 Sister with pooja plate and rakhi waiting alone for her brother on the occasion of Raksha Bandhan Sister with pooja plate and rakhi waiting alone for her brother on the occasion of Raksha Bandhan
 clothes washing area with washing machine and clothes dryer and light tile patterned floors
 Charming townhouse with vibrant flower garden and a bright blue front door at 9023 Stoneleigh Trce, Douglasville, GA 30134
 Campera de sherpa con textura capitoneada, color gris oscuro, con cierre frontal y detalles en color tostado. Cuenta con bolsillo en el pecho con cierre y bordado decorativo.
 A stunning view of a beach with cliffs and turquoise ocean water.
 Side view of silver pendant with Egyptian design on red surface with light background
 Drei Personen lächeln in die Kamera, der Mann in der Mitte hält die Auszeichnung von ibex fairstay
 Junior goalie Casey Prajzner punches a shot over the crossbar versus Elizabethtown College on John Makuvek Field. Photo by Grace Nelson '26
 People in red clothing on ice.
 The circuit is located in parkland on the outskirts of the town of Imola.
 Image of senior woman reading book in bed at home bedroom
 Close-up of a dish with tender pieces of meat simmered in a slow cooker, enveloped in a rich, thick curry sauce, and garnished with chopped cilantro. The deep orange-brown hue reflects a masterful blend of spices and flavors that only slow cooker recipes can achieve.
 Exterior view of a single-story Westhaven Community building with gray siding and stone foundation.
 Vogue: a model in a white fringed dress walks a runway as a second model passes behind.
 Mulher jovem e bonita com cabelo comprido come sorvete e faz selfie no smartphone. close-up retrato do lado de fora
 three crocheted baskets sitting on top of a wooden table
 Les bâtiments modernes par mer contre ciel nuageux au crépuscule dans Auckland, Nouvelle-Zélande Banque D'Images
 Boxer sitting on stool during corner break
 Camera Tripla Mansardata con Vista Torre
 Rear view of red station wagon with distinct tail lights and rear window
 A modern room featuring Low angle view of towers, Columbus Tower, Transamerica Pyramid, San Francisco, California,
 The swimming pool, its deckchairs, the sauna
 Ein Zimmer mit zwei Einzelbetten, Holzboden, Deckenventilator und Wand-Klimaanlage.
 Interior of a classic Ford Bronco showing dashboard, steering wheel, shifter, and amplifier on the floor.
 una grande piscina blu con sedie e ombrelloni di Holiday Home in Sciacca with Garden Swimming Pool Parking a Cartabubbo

■ ■ ■ ■ ■ ■ ■

ASSIGNMENT:
When copying the data above, keep every line exactly as written.

ANSWER SPACE:
 Sister with pooja plate and rakhi waiting alone for her brother on the occasion of Raksha Bandhan Sister with pooja plate and rakhi waiting alone for her brother on the occasion of Raksha Bandhan
 clothes washing area with washing machine and clothes dryer and light tile patterned floors
 Charming townhouse with vibrant flower garden and a bright blue front door at 9023 Stoneleigh Trce, Douglasville, GA 30134
 Campera de sherpa con textura capitoneada, color gris oscuro, con cierre frontal y detalles en color tostado. Cuenta con bolsillo en el pecho con cierre y bordado decorativo.
 A stunning view of a beach with cliffs and turquoise ocean water.
 Side view of silver pendant with Egyptian design on red surface with light background
 Drei Personen lächeln in die Kamera, der Mann in der Mitte hält die Auszeichnung von ibex fairstay
 Junior goalie Casey Prajzner punches a shot over the crossbar versus Elizabethtown College on John Makuvek Field. Photo by Grace Nelson '26
 People in red clothing on ice.
 The circuit is located in parkland on the outskirts of the town of Imola.
 Image of senior woman reading book in bed at home bedroom
 Close-up of a dish with tender pieces of meat simmered in a slow cooker, enveloped in a rich, thick curry sauce, and garnished with chopped cilantro. The deep orange-brown hue reflects a masterful blend of spices and flavors that only slow cooker recipes can achieve.
 Exterior view of a single-story Westhaven Community building with gray siding and stone foundation.
 Vogue: a model in a white fringed dress walks a runway as a second model passes behind.
 Mulher jovem e bonita com cabelo comprido come sorvete e faz selfie no smartphone. close-up retrato do lado de fora
 three crocheted baskets sitting on top of a wooden table
 Les bâtiments modernes par mer contre ciel nuageux au crépuscule dans Auckland, Nouvelle-Zélande Banque D'Images
 Boxer sitting on stool during corner break
 Camera Tripla Mansardata con Vista Torre
 Rear view of red station wagon with distinct tail lights and rear window
 A modern room featuring Low angle view of towers, Columbus Tower, Transamerica Pyramid, San Francisco, California,
 The swimming pool, its deckchairs, the sauna
 Ein Zimmer mit zwei Einzelbetten, Holzboden, Deckenventilator und Wand-Klimaanlage.
 Interior of a classic Ford Bronco showing dashboard, steering wheel, shifter, and amplifier on the floor.
 una grande piscina blu con sedie e ombrelloni di Holiday Home in Sciacca with Garden Swimming Pool Parking a Cartabubbo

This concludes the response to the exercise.